The History of Computing for Learning in Education Virtual Museum Project


Mission: To preserve and interpret documents, artifacts and stories relating to the history of computing in learning and education; to make them accessible and usable by educational and computer leaders, historians, practitioners and the public.

We have a BIG project in hand. Education transformed between 1960 and 1990. Computers entered classrooms and our lives. What had to be learned, and how it was learned, changed for the educators and the students of all ages. For more about "why look back", please see Liza's 2006 paper delivered at the ICALT, IEEE Conference on 5-7 July 2006 in Kerkrade, The Netherlands.

Brick and mortar museums are doing an excellent job of preserving computer hardware; but the related papers, software and the oral histories are rapidly disappearing.
Unless the artifacts and studies are preserved and published in digital format, subsequent generations will lose two or three decades of seminal research from a critical time.

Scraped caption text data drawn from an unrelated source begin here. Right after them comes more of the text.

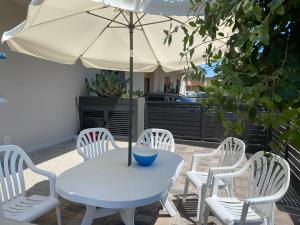 una mesa blanca y sillas con sombrilla en Casa Eva, en Bibione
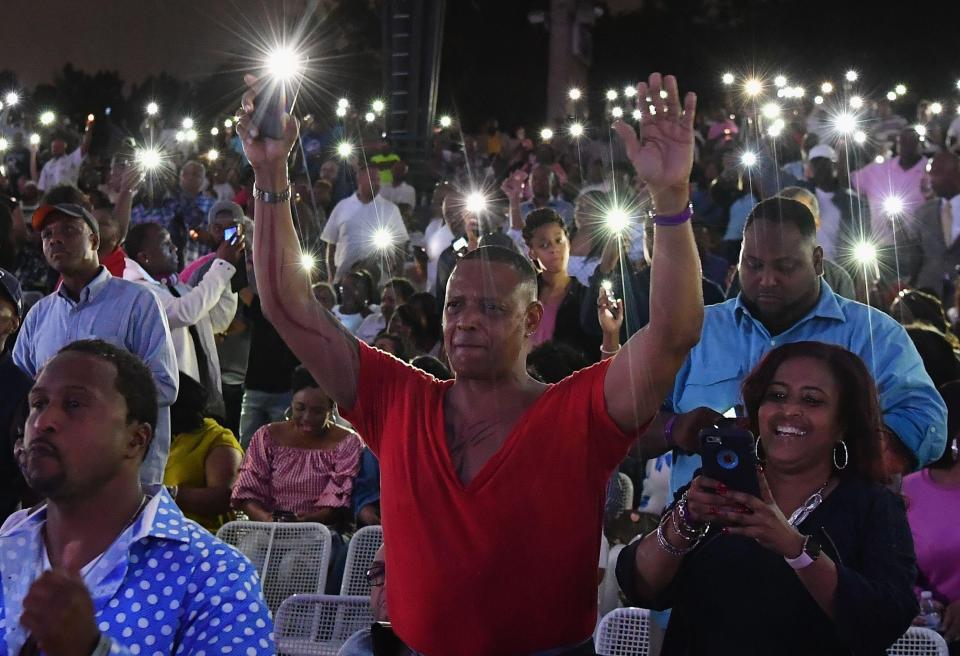  People hold up their lit mobile phones during 'A People's Tribute to the Queen' concert last night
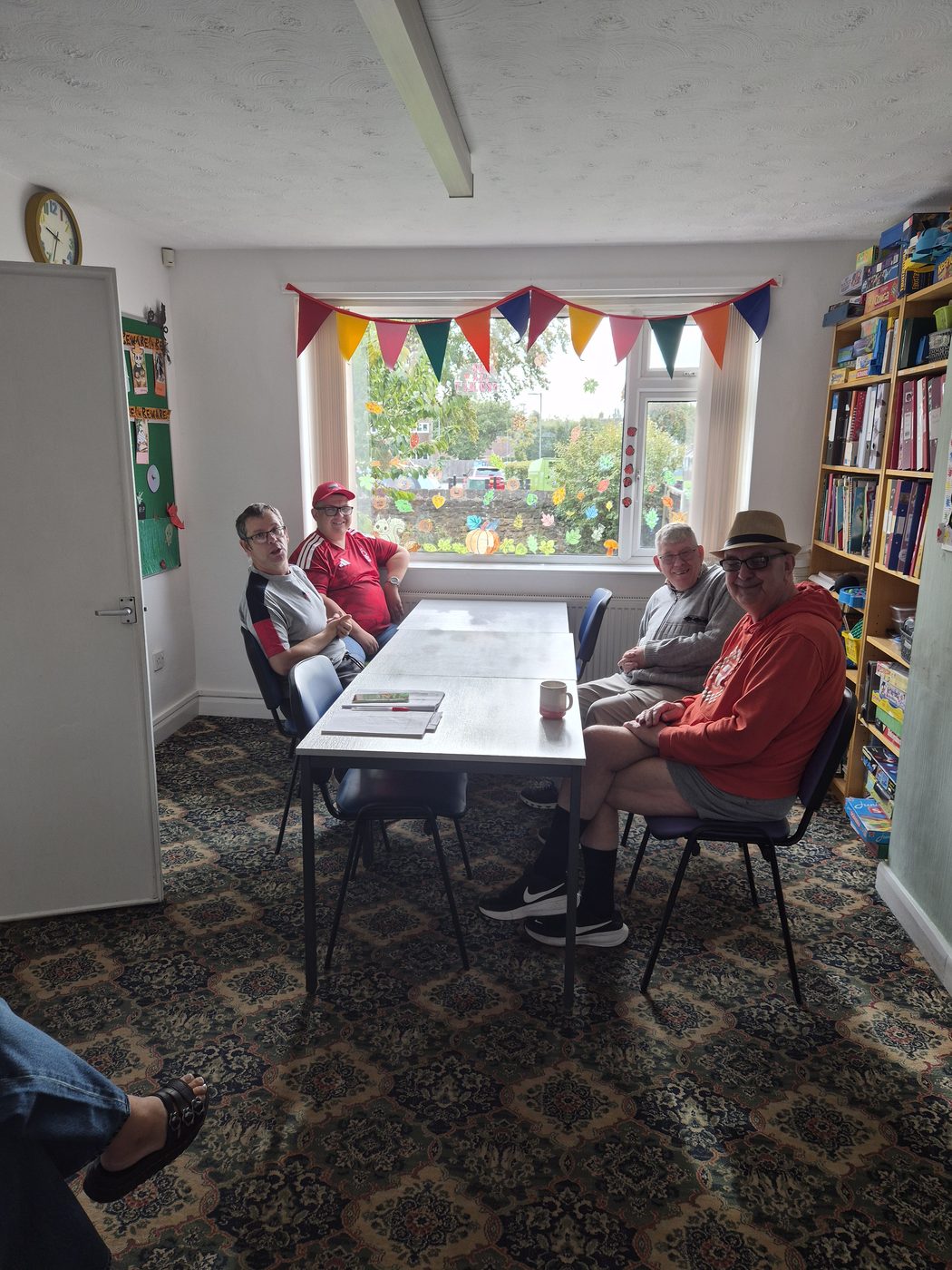 Four friends smiling around a table in a room with rainbow bunting and shelves of games.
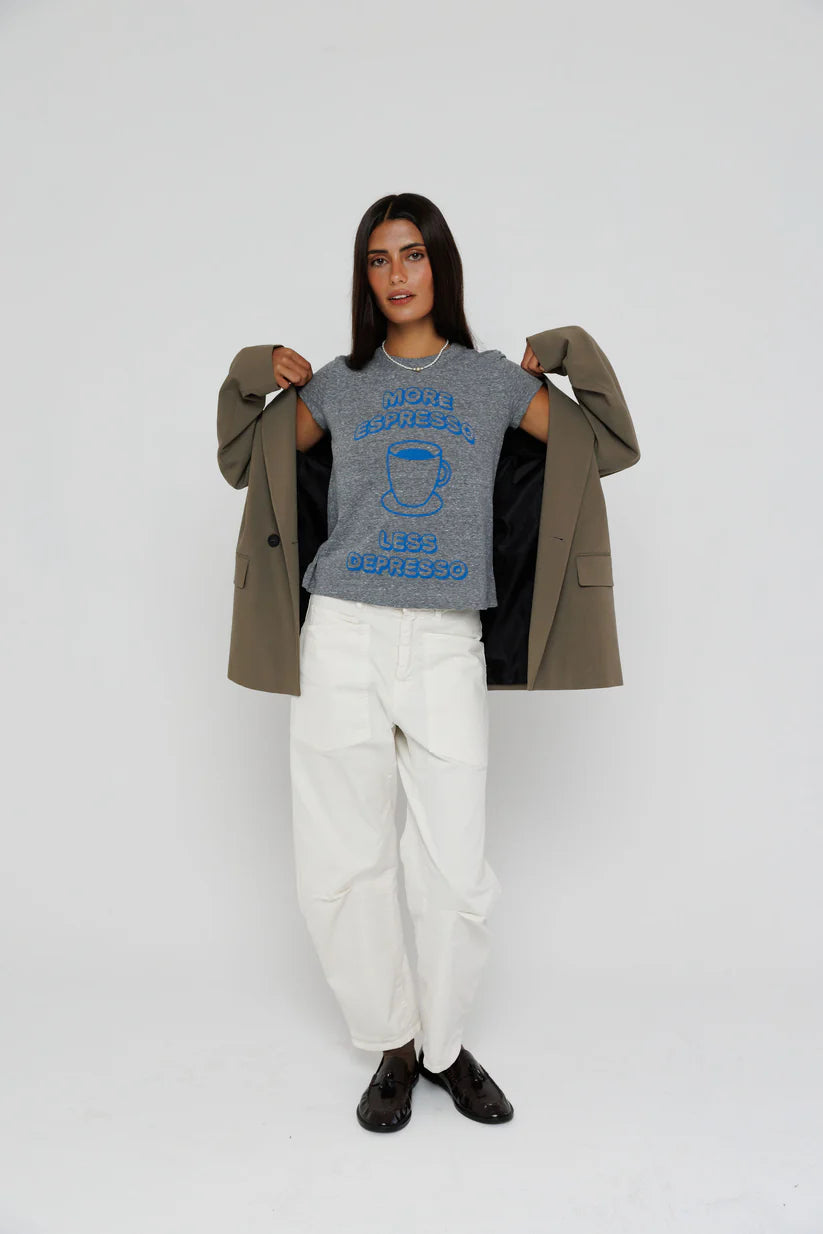 Person wearing a gray t-shirt with text and graphics, white pants, and a brown coat on a white background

About the Virtual Museum. The HCLE Virtual Museum will encompass a publicly accessible database of over ten thousand documents for researchers. Casual visitors will use a simplified interface of virtual exhibits. Historic software, including games, will be operate in an emulation environment. 20130923 HCLE Flyer.jpg

About the Traveling Exhibit. We will recreate a typical school computer laboratory from somewhere around 1980 that will access the HCLE Virtual Museum and its software emulators, allowing visitors to experience this critical time in our society’s development.

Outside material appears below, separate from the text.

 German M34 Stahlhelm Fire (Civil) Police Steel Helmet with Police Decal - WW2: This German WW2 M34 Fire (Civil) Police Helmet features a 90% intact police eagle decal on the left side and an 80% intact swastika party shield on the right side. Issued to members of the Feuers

About Oral History Project. The Oral History Project will capture stories from the era that may only exist as memories. Through interviews and submissions those stories will be collected in words, images, audio, and video. Social media will provide a rich source of content.

What We Have
Thousands of documents are available. Manual scanning of the documents has begun. Limited office and storage space is available. Volunteers and occasional contract work help the work progress.

What We Need
We need to automate the scanning process, and hire sufficient staff to coordinate the volunteers, curate the collection, design and operate the Virtual Museum and the Traveling Exhibit, and reach out to researchers and the public.
This effort is estimated to require about $250,000 per quarter, 90% of which is labor for expediting the various projects. Initial funding will be directed to a proof-of-concept to demonstrate and test the development strategy.

How Long It Will Take
A concurrent effort could complete the bulk of the work within two and a half years. If sufficient funding is available, each of the projects could be operational by within about three years.

Conclusion
This is a critical time for preserving an important moment in the development of human civilization.

Please let us know if you have any questions. We look forward to working in partnership on this exciting online history project.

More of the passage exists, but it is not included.